Obama's pretty words on secrecy and torture last night

Will the President's encouraging answers on civil liberties and transparency finally translate into action?

Published April 30, 2009 1:11PM (EDT)

(updated below - Update II)

At last night's presidential press conference, two rather good questions were asked about civil liberties and the rule of law:  one by Time's Michael Scherer regarding Obama's use of the state secrets privilege and the other by ABC News' Jake Tapper (I don't think it's coincidental that they are two of the journalists who (for better or worse) interact most extensively with and in the blogosphere; they're also, as a proud Joan Walsh pointed out, both former Salon reporters).  One measure of the quality of both questions is that both extracted meaningful and quite new statements from Obama on these critical questions -- statements which, unto themselves, are good enough but (as a borderline-psychic Attaturk impressively predicted I would say) are wildly inconsistent with the actions Obama has thus far taken.

Here's the exchange on the state secrets privilege:

Scherer: Thank you, Mr. President. During the campaign, you criticized President Bush's use of the state secrets privilege, but U.S. attorneys have continued to argue the Bush position in three cases in court. How exactly does your view of state secrets differ from President Bush's?

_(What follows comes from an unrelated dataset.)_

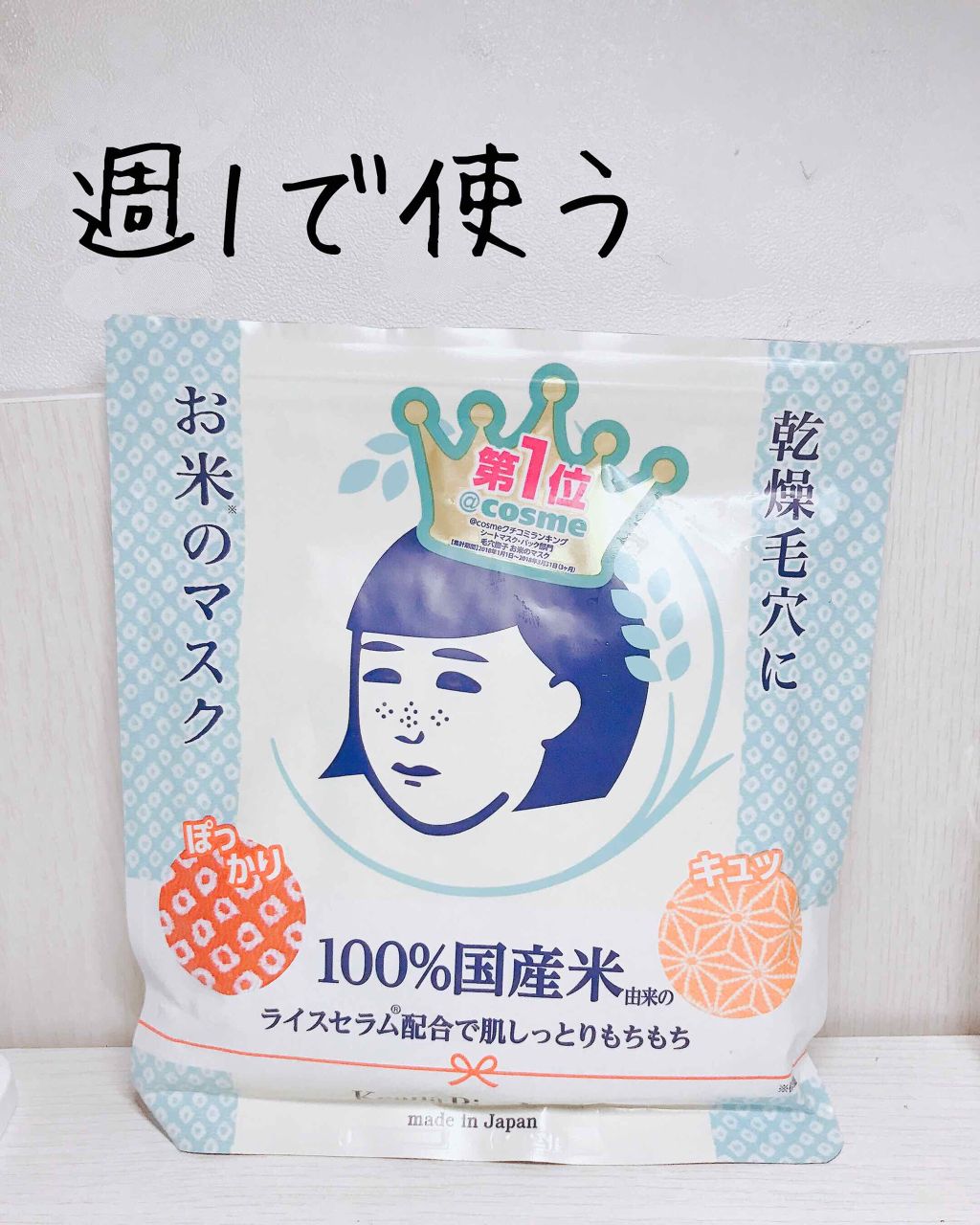 ハトムギ化粧水(ナチュリエ スキンコンディショナー R )/ナチュリエ/化粧水を使ったクチコミ(2枚目)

And do you believe presidents should be able to derail entire lawsuits about warrantless wiretapping or rendition if classified information is involved?

Obama: I actually think that the state secret doctrine should be modified. I think right now it's overbroad. . . . [S]earching for ways to redact, to carve out certain cases, to see what can be done so that a judge in chambers can review information without it being in open court, you know, there should be some additional tools so that it's not such a blunt instrument.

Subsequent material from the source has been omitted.